The Black Death was one of a series of plagues, classical urban civilization is often considered to have fallen due to the Plague of Justinian: Plague of Justinian - Wikipedia

As an Eastern Euro, I can say the coming of groups, such as the Avars, which conquered many states and forced them into vassalage in the early middle ages, ends with the Apocalypse of the Mongols where entire states, and peoples are destroyed, such as Vladimir: Mongol invasion of Europe - Wikipedia Countless times there are cities, castles, and such were one reads this was a thriving place until destroyed in the 13th century and did not recover, or did so many centuries later. Yes, the Tatar powers lasted well into the 19th century; Moscow is stone because the Tartars with Turkish artillery burned it to the ground, leading away thousands of captives, millions over the centuries. In comparison, western history is almost viewed as Charle-who?
 

Sotik

Villager
@Bluenose that's pretty much what I had in mind. The idea is that the two kingdoms use to be at war over land rights. They fought many wars along this channel where now stands many war torn buildings.
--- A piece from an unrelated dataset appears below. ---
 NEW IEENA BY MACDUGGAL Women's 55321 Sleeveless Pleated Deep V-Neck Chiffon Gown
Recently the High Priest of the ruling religion kingdom A had the long killed and disguised it as an assassination by kingdom B. The High Priest due to a old by law that gives him control until a successor can be found now rules as the King Priest, a role he doesnt intend to give up. He plans to ensure this with the war so hes gave decree to all of the Lord's of the kingdom to send their forces to help aid those along the border.
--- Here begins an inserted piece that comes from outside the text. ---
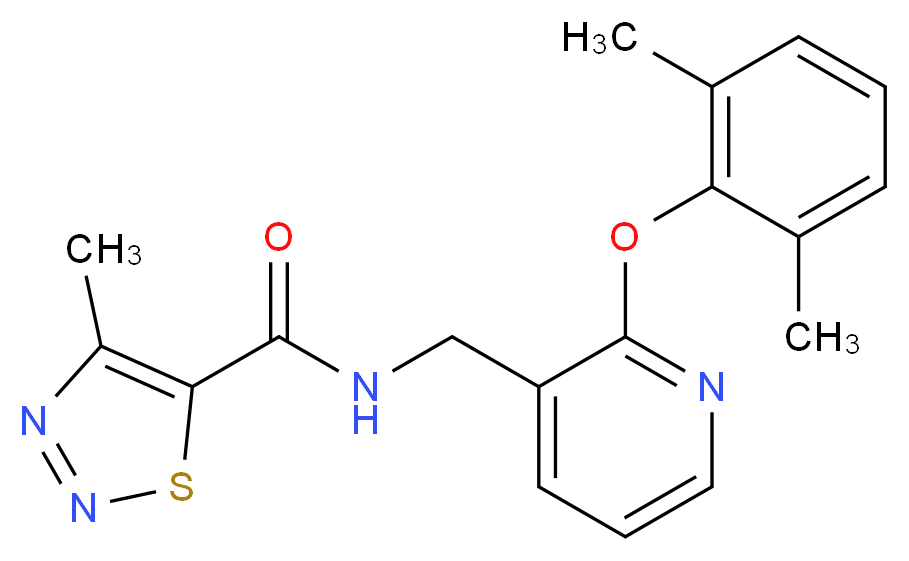 N-{[2-(2,6-dimethylphenoxy)pyridin-3-yl]methyl}-4-methyl-1,2,3-thiadiazole-5-carboxamide_Molecular_structure_CAS_)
So when the players come in, there will be this area that sees constant fighting, raiding, quick in and out attacks, small scale stuff. My only thing is that I want this war to feel big, and huge to my players to the poimt that even if they're within the heart hundreds of miles away, they can still feel it.

But as has been said, I guess that's just me looking at WW1 and WW2 and feeling that wars always had an effect. I still plan on doing this, but clearly what I had in my head has no historical bearing lol. Oh well, I'll embrace the romanticism of it and run.
 

Bluenose

Adventurer
Recently the High Priest of the ruling religion kingdom A had the long killed and disguised it as an assassination by kingdom B. The High Priest due to a old by law that gives him control until a successor can be found now rules as the King Priest, a role he doesnt intend to give up. He plans to ensure this with the war so hes gave decree to all of the Lord's of the kingdom to send their forces to help aid those along the border.
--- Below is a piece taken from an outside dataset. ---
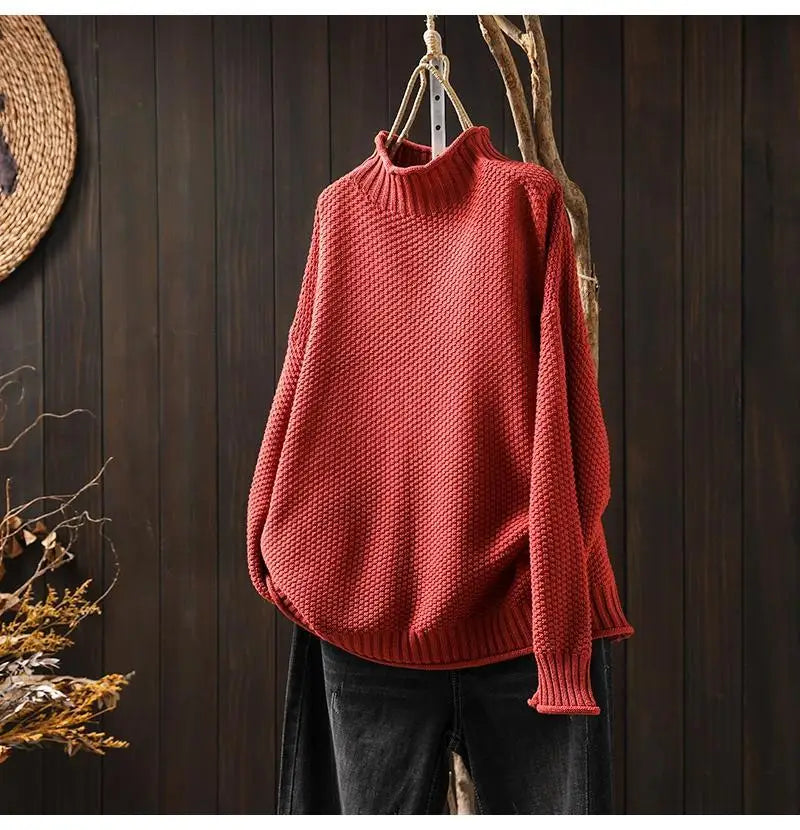 Grace – Women's Oversized Knit Turtleneck Sweater – Vintage Textured Design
So when the players come in, there will be this area that sees constant fighting, raiding, quick in and out attacks, small scale stuff. My only thing is that I want this war to feel big, and huge to my players to the poimt that even if they're within the heart hundreds of miles away, they can still feel it.
Take a look at Spain, either in the era of the Allmoravids or Almohads (or some of the wars of the Reconquista). Make the two sides a little more united than they historically were, but keep the central monarchy rather weak (not unreasonable for the period). Most wars will be between local rulers, and there's a shifting border across which raiding is quite common. Then one side gets an influx of religious fervour (perhaps including outsiders) and a leader who promises to finally destroy the infidel. There's your extreme national effort with effects felt across the whole region (on both sides) building up to some form of climactic experience (and then fizzling out into more of the same, just with different people in charge and a larger change in the borders).